• REQUIRED WORK: Pictures stay out of the copy. Retype exactly the lines below from the one with "4. she hosted π½οΈ" through the one with "Thumbnail: 2020 Porsche Macan - 18".

• DATA SHOWN:
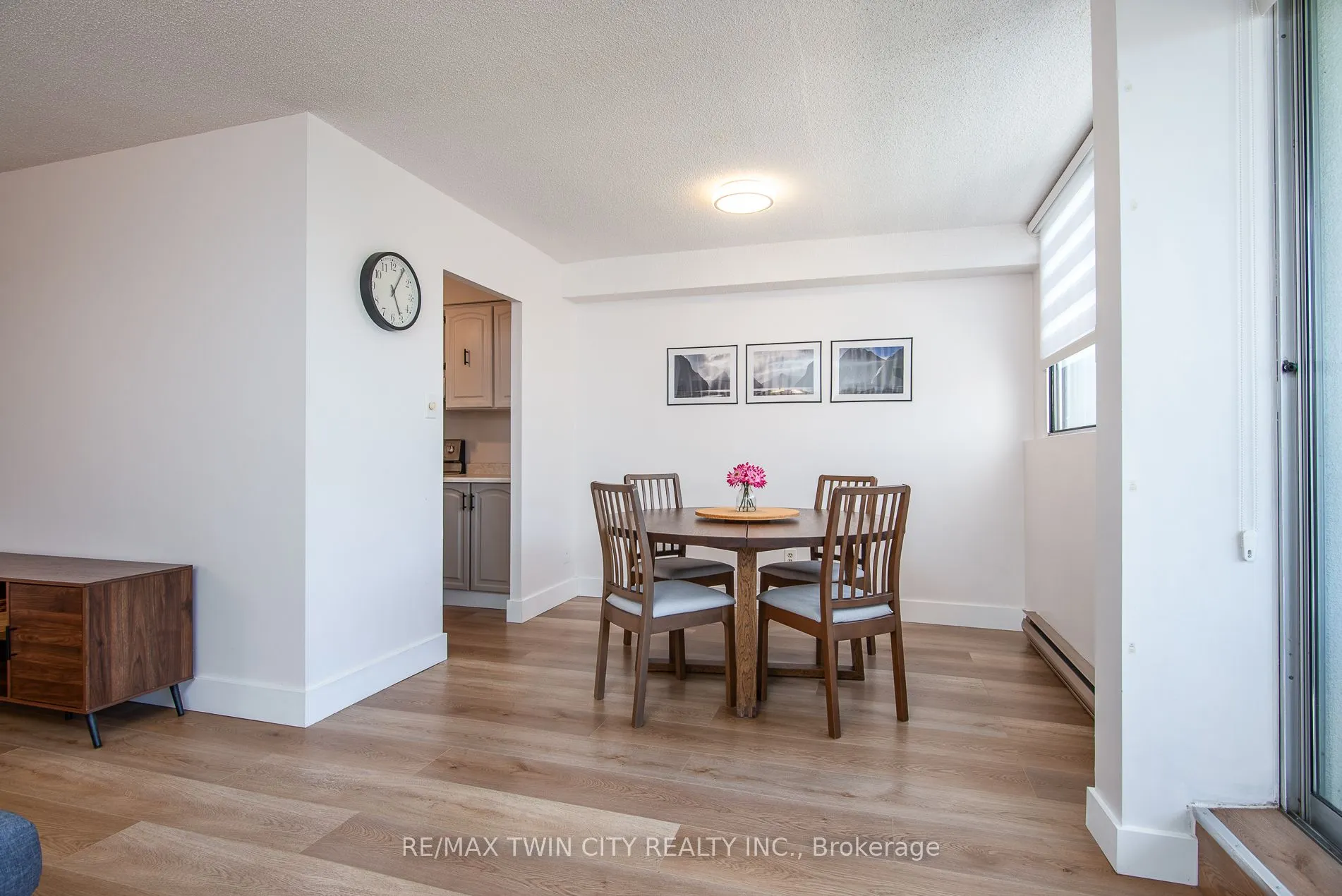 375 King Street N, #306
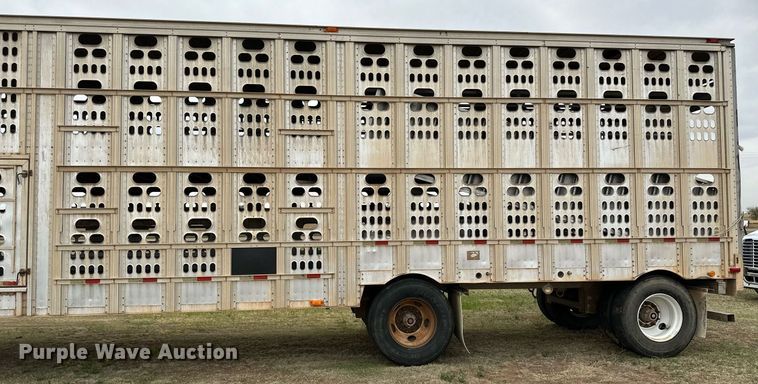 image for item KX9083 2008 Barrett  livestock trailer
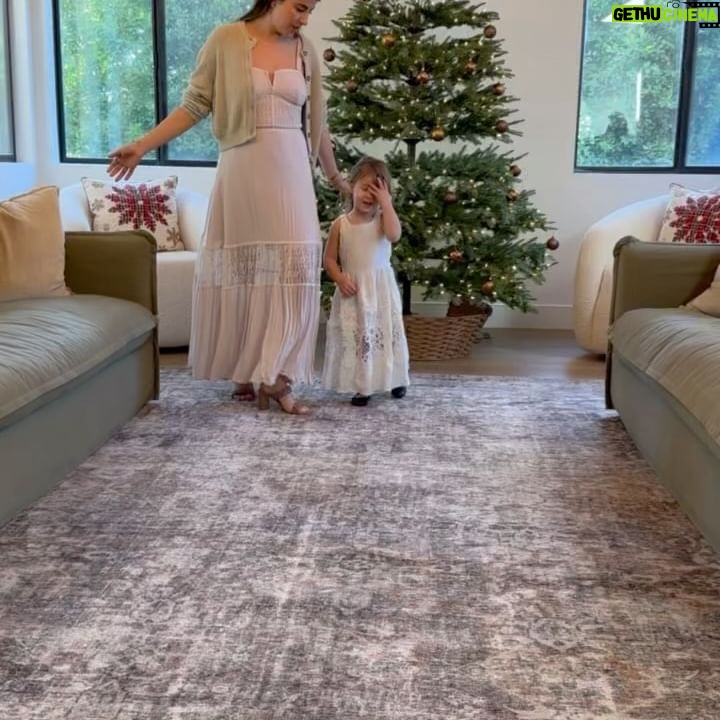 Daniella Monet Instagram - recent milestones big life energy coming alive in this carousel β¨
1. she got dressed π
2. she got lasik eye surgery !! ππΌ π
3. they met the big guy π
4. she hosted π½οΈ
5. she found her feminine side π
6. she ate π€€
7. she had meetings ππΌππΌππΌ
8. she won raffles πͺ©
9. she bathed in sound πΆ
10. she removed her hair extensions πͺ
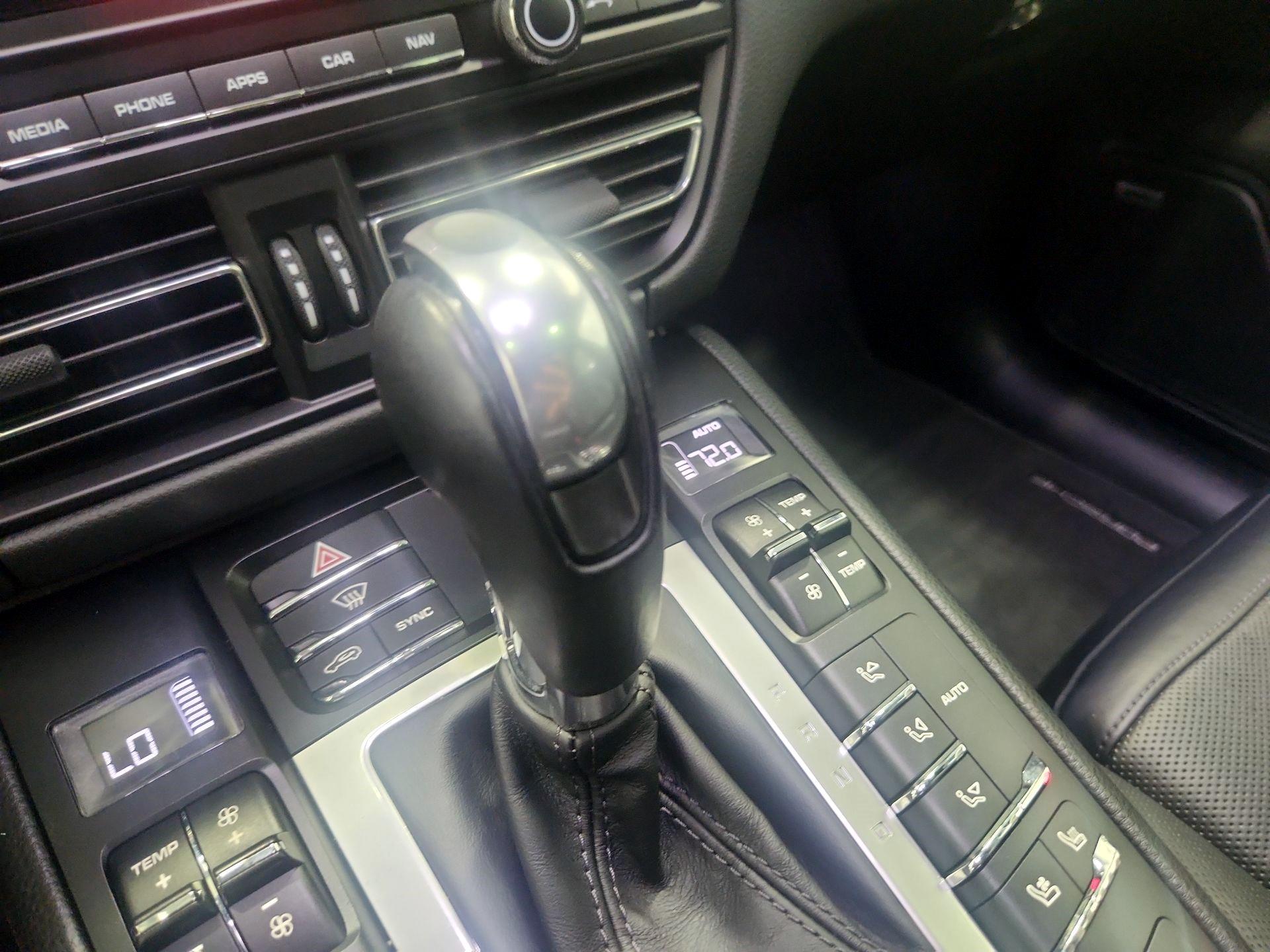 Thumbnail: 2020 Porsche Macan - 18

---

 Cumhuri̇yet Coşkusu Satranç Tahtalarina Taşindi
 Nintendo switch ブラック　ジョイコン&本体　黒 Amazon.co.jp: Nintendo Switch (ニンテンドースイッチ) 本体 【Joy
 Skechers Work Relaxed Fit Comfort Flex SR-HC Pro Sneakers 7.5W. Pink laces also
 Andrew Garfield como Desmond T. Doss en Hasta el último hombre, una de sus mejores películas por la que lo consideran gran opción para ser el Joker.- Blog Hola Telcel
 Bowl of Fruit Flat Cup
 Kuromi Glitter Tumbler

---

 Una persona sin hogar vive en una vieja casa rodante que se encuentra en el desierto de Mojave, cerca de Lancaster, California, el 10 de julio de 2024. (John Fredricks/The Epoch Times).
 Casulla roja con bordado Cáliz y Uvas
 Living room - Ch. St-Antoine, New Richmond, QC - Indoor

• EXERCISE OUTPUT:
4. she hosted π½οΈ
5. she found her feminine side π
6. she ate π€€
7. she had meetings ππΌππΌππΌ
8. she won raffles πͺ©
9. she bathed in sound πΆ
10. she removed her hair extensions πͺ
 Thumbnail: 2020 Porsche Macan - 18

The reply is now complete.